É extremamente intrigante o fato de que grande parte das pessoas que – teoricamente – tem a possibilidade de apresentar uma postura militante, não marcha passos além do fluxo condomínio-descrença-lazer. E igualmente estarrecedora é a realidade das Universidades brasileiras e de seus estudantes imersos na insanidade de uma tal corrida pós-moderna. Estão todos à procura de um estágio. Um lugar ao sol. Sem olhar muito para os lados.

Problema ainda maior é quando se generaliza a parte pelo todo e, metonimicamente, a sociedade – sobretudo uma classe que insiste em juntar os cacos de algum prestígio social – adquire miopia moral para enxergar a identidade verdadeira das realidades afastadas do asfalto. A parcela criminosa de qualquer favela carioca, a título de exemplo, não é nem nunca foi mais que 1% daquele determinado espaço.

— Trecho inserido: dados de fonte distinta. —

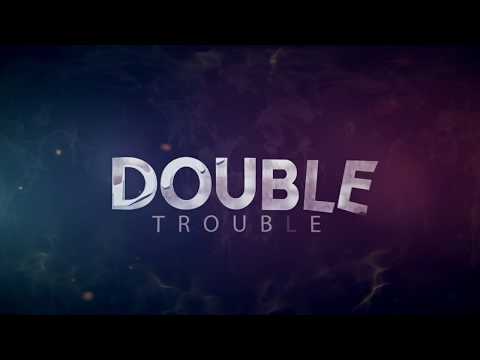 DOUBLE TROUBLE TRAILER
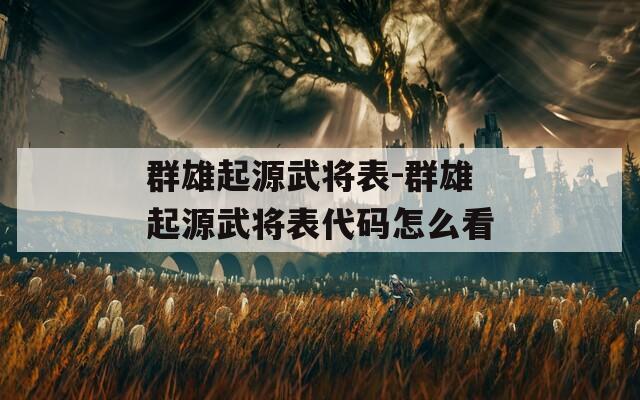 群雄起源武將表-群雄起源武將表代碼怎么看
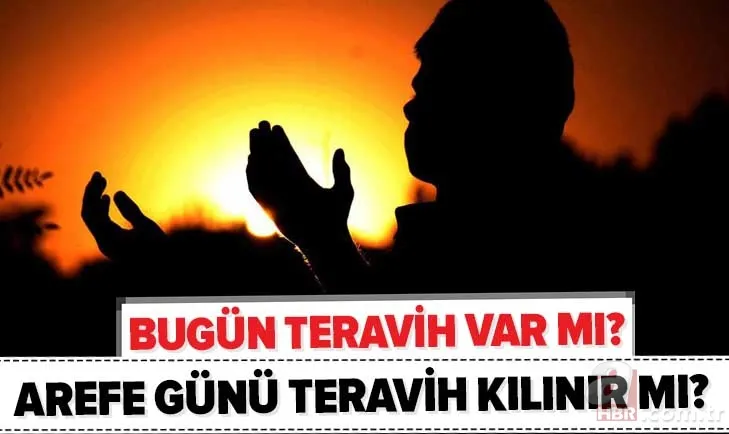Bugün teravih var mı? Arefe günü teravih namazı kılınır mı? 2020 son teravih namazı ne zaman? 1
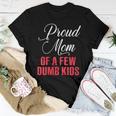 Proud Mom Of A Few Dumbass Kids Women T-shirt Crewneck Unique Gifts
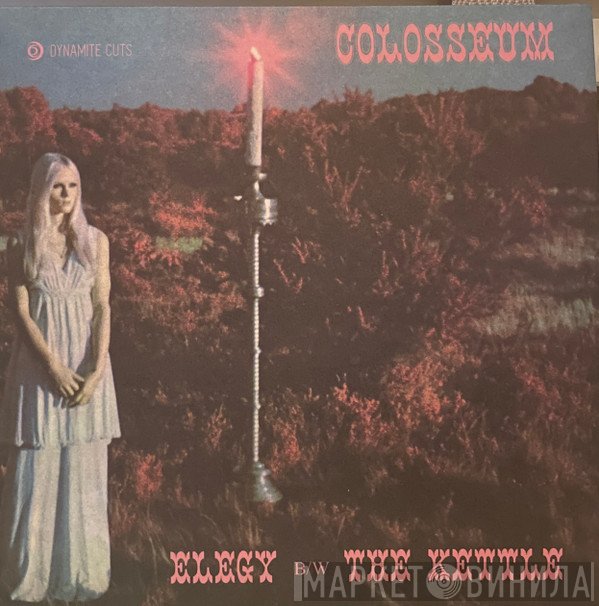 Colosseum - Elegy / The Kettle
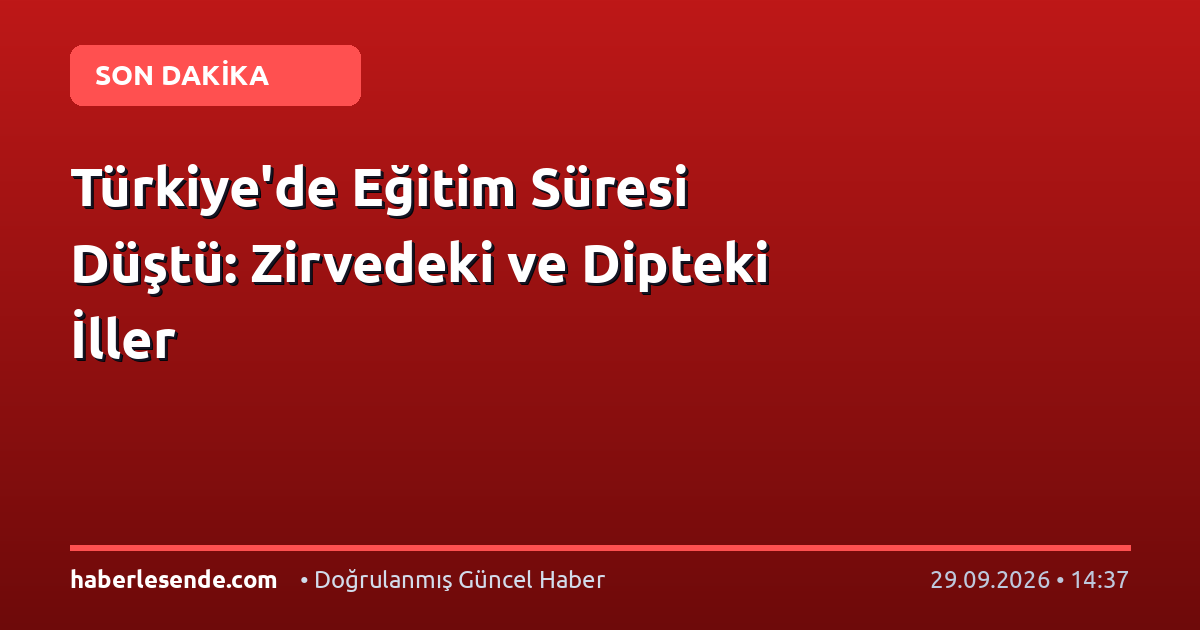 Türkiye'de Eğitim Süresi Düştü: Zirvedeki ve Dipteki İller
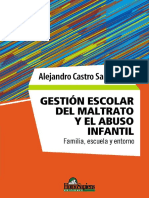 Gestión Escolar Del Maltrato y El Abuso Infantil Familia, Escuela y Entorno (Castro Santander, Alejandro)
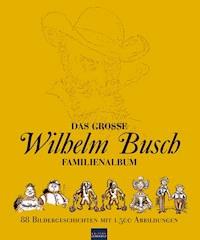 Das große Wilhelm Busch Familienalbum - Wilhelm Busch - E-Book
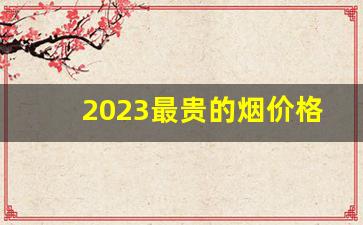 2023最贵的烟价格表-2024年最便宜的烟多少钱一包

E, no entanto, os estereótipos são reforçados em imagens midiáticas triviais, sem fundamentação, fortalecendo crenças sem questionamentos – na maioria das vezes.

Paradoxalmente a essa tendência, crescem os discursos – tantos deles hipócritas – acerca das injustiças sociais. Fala-se muito em solidariedade, programas de inclusão, projetos mirabolantes. Uma visão maniqueísta que se limita a olhar de cima pra baixo – quase sempre de rabo-de-olho. Não seria, ao contrário, necessário refletir a partir da ótica da contradição para alcançarmos a democracia, de fato? Se continuarmos com o discurso da amenização das dissimilitudes, apenas estaremos tentando resolver um problema que não sai das margens do asfalto.

E seja no asfalto ou no alto dos morros, fica cada vez mais evidenciado o fato de que no Brasil as pessoas, em geral, não votam em partidos e idéias, mas em pessoas. Nessa lógica, a figura do presidente não tem outros contornos, a não ser os ‘messiânicos’. Ademais, Brasília parece estar cada vez mais próxima da ‘Terra do Nunca’. Não se pode mais encobrir o momento singular da trajetória brasileira. A possibilidade de identificação dos nossos problemas já pode ser constatada pelos grupos sociais mais distintos, independentemente de sua localização geográfica.

Estamos entrando, ainda que por vias tortuosas, em sintonia? Eclodem diferentes expressões de arte, de pensamentos, de ações. É imperativo explicitar a flâmula do social. Abrandar as diferenças é propor a coreografia do retrocesso. Nossa realidade historicamente velada não consegue mais permanecer em tons pastéis. As percepções de uma sociedade que sempre viu a desigualdade como normal e da mesma forma negou a diferença começam a apresentar-se em cores fortes. Magenta. Carmim. Zarcão. Uma trajetória pelo avesso, tentando encontrar nos problemas, a saída – ainda que seja a de Emergência. Começa a emergir, enfim, a lógica da incongruência. É necessário aquilatar a diferença.